Connection Patterns & Client Libraries

Primary Driver: psycopg2-binary (low-level) / SQLAlchemy (ORM) — versions >=2.9.0 / >=2.0.0

from sqlalchemy import create_engine
from sqlalchemy.pool import QueuePool

engine = create_engine(
    "postgresql+psycopg2://user:pass@pgbouncer:6432/sentinel",
    poolclass=QueuePool,
    pool_size=20,
    max_overflow=10,
    pool_pre_ping=True,
    pool_recycle=3600
)

PgBouncer Configuration (prod):

  • pool_mode = transaction — connection returned to pool after each transaction.
  • max_client_conn = 1000
  • default_pool_size = 20 per user/database pair.
  • Listen port: 6432 (separate from direct RDS port 5432 for admin access).
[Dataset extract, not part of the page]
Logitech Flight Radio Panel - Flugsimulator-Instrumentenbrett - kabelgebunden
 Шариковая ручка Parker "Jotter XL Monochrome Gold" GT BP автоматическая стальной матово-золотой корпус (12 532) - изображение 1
Connection Best Practices:

  • Always use pool_pre_ping=True to avoid stale connections after failover.
  • Set application_name in connection string for per-service query tracking in pg_stat_activity.
  • Use read replicas for heavy reporting queries to offload the primary.

Backup & Disaster Recovery

Strategy Frequency Retention RPO RTO
Automated Backups Daily + transaction logs 7 days 5 minutes < 30 minutes
Manual DB Snapshots Pre-release Indefinite Zero < 30 minutes
Cross-Region Read Replica Async replication N/A < 1 minute < 15 minutes (promote)
Logical Exports (pg_dump) Weekly (schema-only) 30 days N/A Hours

DR Runbook:

  1. Initiate failover: RDS automatically promotes standby in Multi-AZ; verify with aws rds describe-db-instances.
  2. For regional DR, promote cross-region read replica: aws rds promote-read-replica.
  3. Update PgBouncer DNS target via Route 53 failover routing.
  4. Verify data consistency with pg_dump --schema-only checksum comparison.

Performance Tuning

Parameter Group Settings (prod):

Parameter Value Rationale
shared_buffers 25% of RAM Cache hot tables and indexes
effective_cache_size 75% of RAM Optimizer hint for index vs. seq scan
work_mem 256 MB Sort/hash operations per connection
maintenance_work_mem 1 GB VACUUM, CREATE INDEX speed
max_connections 500 Upper bound before PgBouncer saturation
log_min_duration_statement 1000 ms Capture slow queries for tuning

Index Maintenance:

  • Run VACUUM ANALYZE nightly via RDS maintenance window.
  • Monitor index bloat with pgstattuple extension; rebuild when bloat > 30%.
  • Partition audit_logs and invocations by month (native partitioning, PostgreSQL 15).

Query Optimization:

  • Use EXPLAIN (ANALYZE, BUFFERS, FORMAT JSON) for execution plan review.
  • Add partial indexes for soft-deleted rows: WHERE deleted_at IS NULL.

Monitoring & Alerting

CloudWatch Metrics:

Metric Threshold Severity
CPUUtilization > 80% for 5 min Warning
CPUUtilization > 95% for 2 min Critical
FreeableMemory < 1 GB Critical
DatabaseConnections > 400 Warning
ReadLatency p99 > 20 ms Warning
WriteLatency p99 > 20 ms Warning
ReplicaLag > 30 seconds Warning
TransactionLogsDiskUsage > 50 GB Warning

Performance Insights:

  • Enabled on prod; review top SQL by wait state weekly.
  • Focus on IO:DataFileRead and Lock:Relation wait events.

Log Exports:

  • PostgreSQL logs → CloudWatch Logs → OpenSearch for full-text search.
  • Slow query logs → weekly tuning report via Athena.